Its ninth floor — a 14-room mansion with 55 feet of Central Park frontage — has so many carats society diamond dealer Harry Winston made it his home.

But since 2018, it’s been dying a death by a thousand price cuts.

Winston’s old place has been on the market for nearly 1,500 days. Scott Frances for Sotheby’s International Realty
Monthly maintenance at 927 Fifth is $22,120, which means that the co-op owner has spent about $1.1 million in carrying costs since listing the place.
Scott Frances for Sotheby’s International Realty

First listed for $39.5 million, it was reduced to $35.5 million, then $32.5 million and $32.25 million, $31.25 million, $29.95 million, $29.8 million, $28.75 million, $28.55 million, $27.95 million, $27.75 million, $27.5 million…and finally where it rests today: $27.4 million, after almost 1,500 days on the market.

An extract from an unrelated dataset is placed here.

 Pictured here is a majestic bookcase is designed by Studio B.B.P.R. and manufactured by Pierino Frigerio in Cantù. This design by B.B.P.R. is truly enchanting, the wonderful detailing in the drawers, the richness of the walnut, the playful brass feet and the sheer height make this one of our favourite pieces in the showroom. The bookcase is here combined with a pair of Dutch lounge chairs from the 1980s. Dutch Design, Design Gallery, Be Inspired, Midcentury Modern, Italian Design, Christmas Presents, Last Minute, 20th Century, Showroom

Monthly maintenance here is $22,120, which means that the owner has spent about $1.1 million in carrying costs since listing the place.

“Although this extraordinary property has not sold yet, the listing has generated extraordinary interest and we have received multiple strong offers,” said Louise Beit of Sotheby’s International Realty in a statement to The Post. “I am confident that we will find the right buyer who will cherish this property,”

Brokers told The Post that there’s all kinds of dope bubbling under the surface that could keep a good apartment with a top address in a coma.

Vexing renovation rules and approval costs may make makeovers unappealing.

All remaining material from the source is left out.